For this exercise, repeat the whole listing below exactly. Leave the pictures out.

::: SUPPLIED RECORDS :::

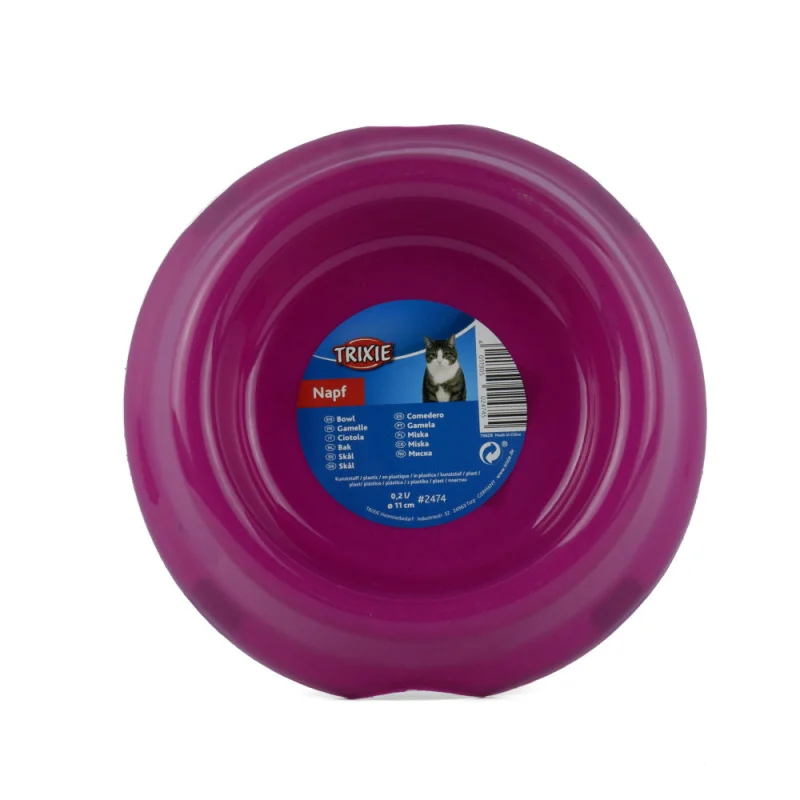 Trixie Non Slip Plastic Bowl for Cats — in use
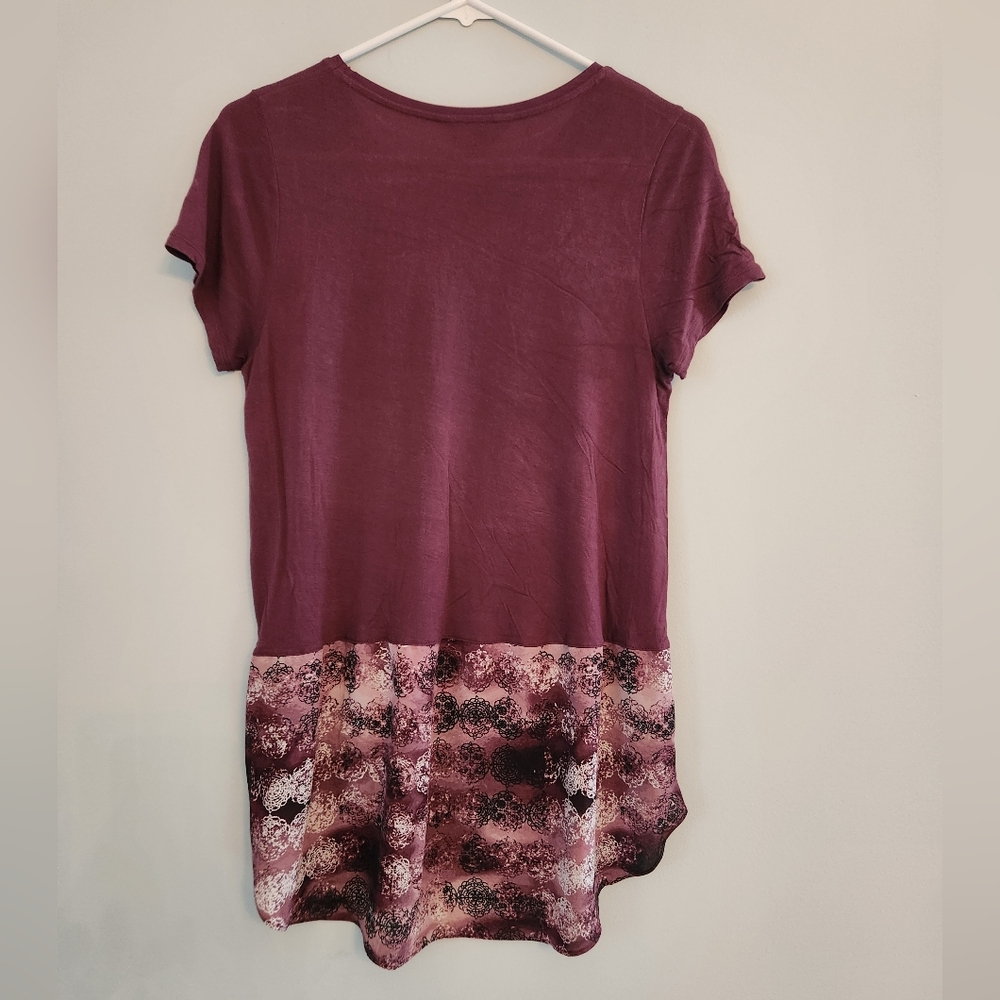 (4 For $20)EUC Simply Vera Wang Womens Burgandy print blouse.   Size M. - Picture 5 of 5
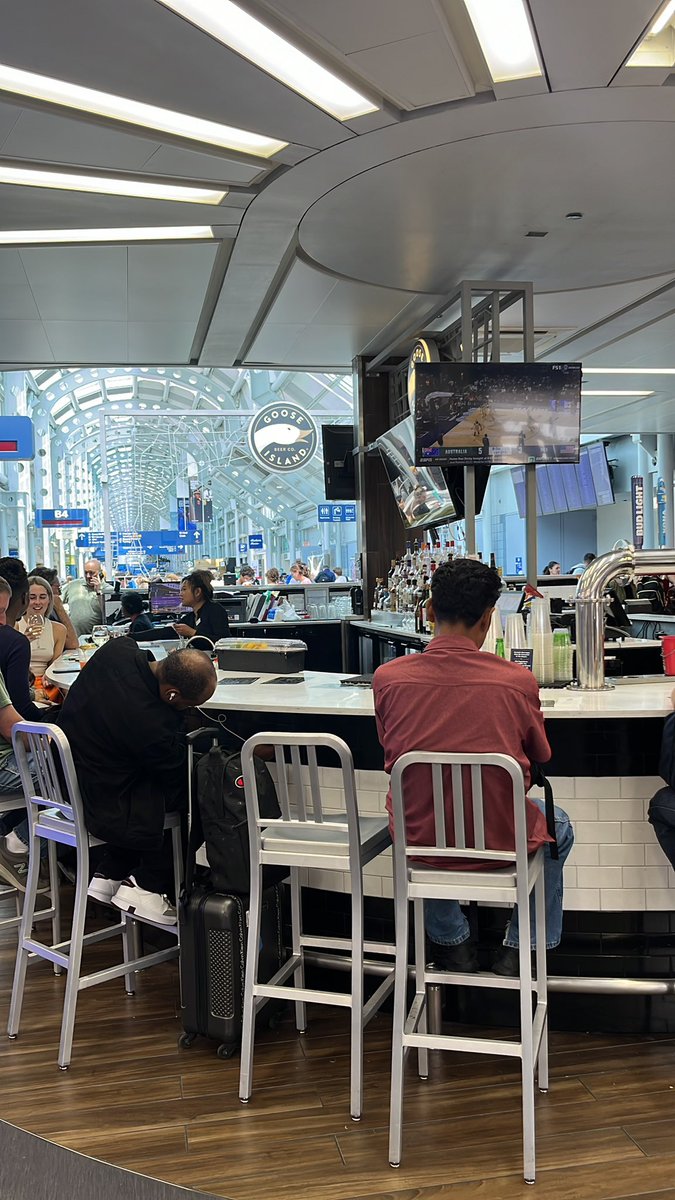 saaarbrens's tweet photo. something so poetic about an airport bar https://t.co/Zg73HC4kMZ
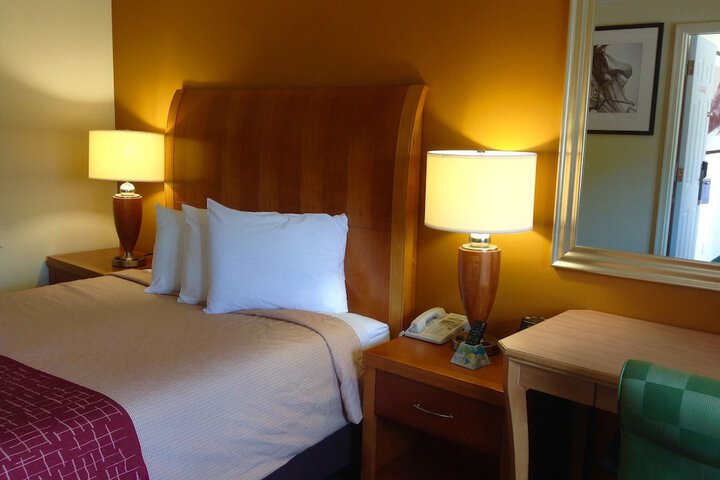Pilgrim Inn & Cottages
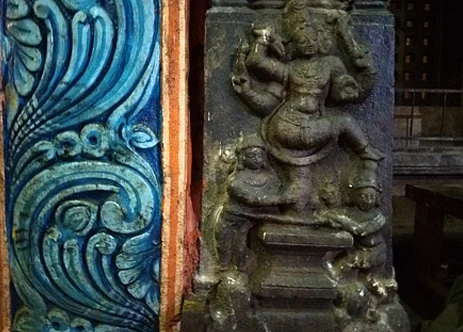 An example of mindless renovation attempt: The original old pillar shows the story of Kala-Samhara Murthy – Shiva destroying the death and saving his devotee – Markandeya. The front side of the pillar shows Yama or Kala – the personification of death. The painted pillar behind is the new ‘modern addition’, which makes the pillar sculpture on one side completely lost.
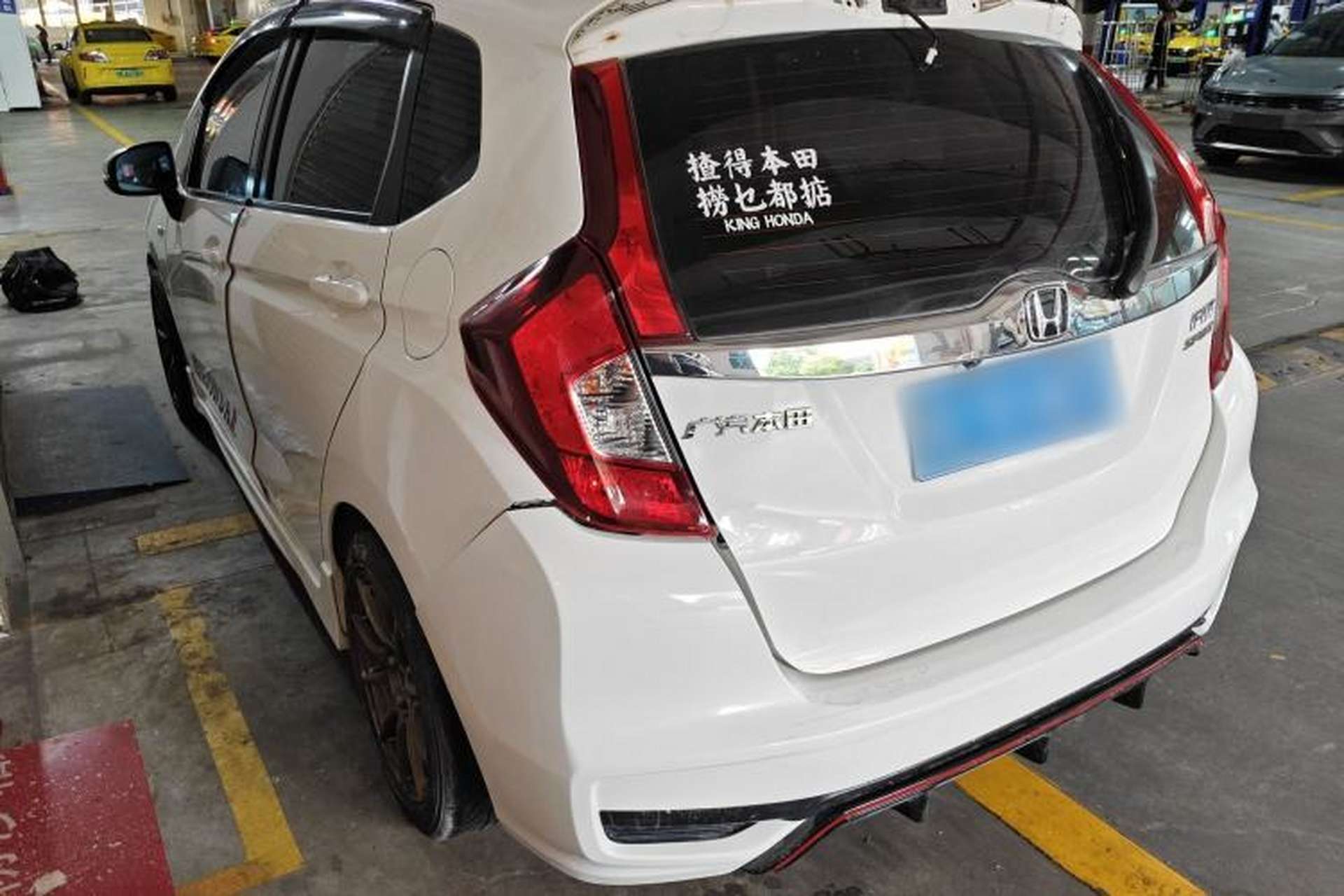 Used Honda Fit 2018 1.5L CVT Trendy Sports Edition Exterior 2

:::

**RESULT FOR THIS EXERCISE:**
 Trixie Non Slip Plastic Bowl for Cats — in use
 (4 For $20)EUC Simply Vera Wang Womens Burgandy print blouse.   Size M. - Picture 5 of 5
 saaarbrens's tweet photo. something so poetic about an airport bar https://t.co/Zg73HC4kMZ
Pilgrim Inn & Cottages
 An example of mindless renovation attempt: The original old pillar shows the story of Kala-Samhara Murthy – Shiva destroying the death and saving his devotee – Markandeya. The front side of the pillar shows Yama or Kala – the personification of death. The painted pillar behind is the new ‘modern addition’, which makes the pillar sculpture on one side completely lost.
 Used Honda Fit 2018 1.5L CVT Trendy Sports Edition Exterior 2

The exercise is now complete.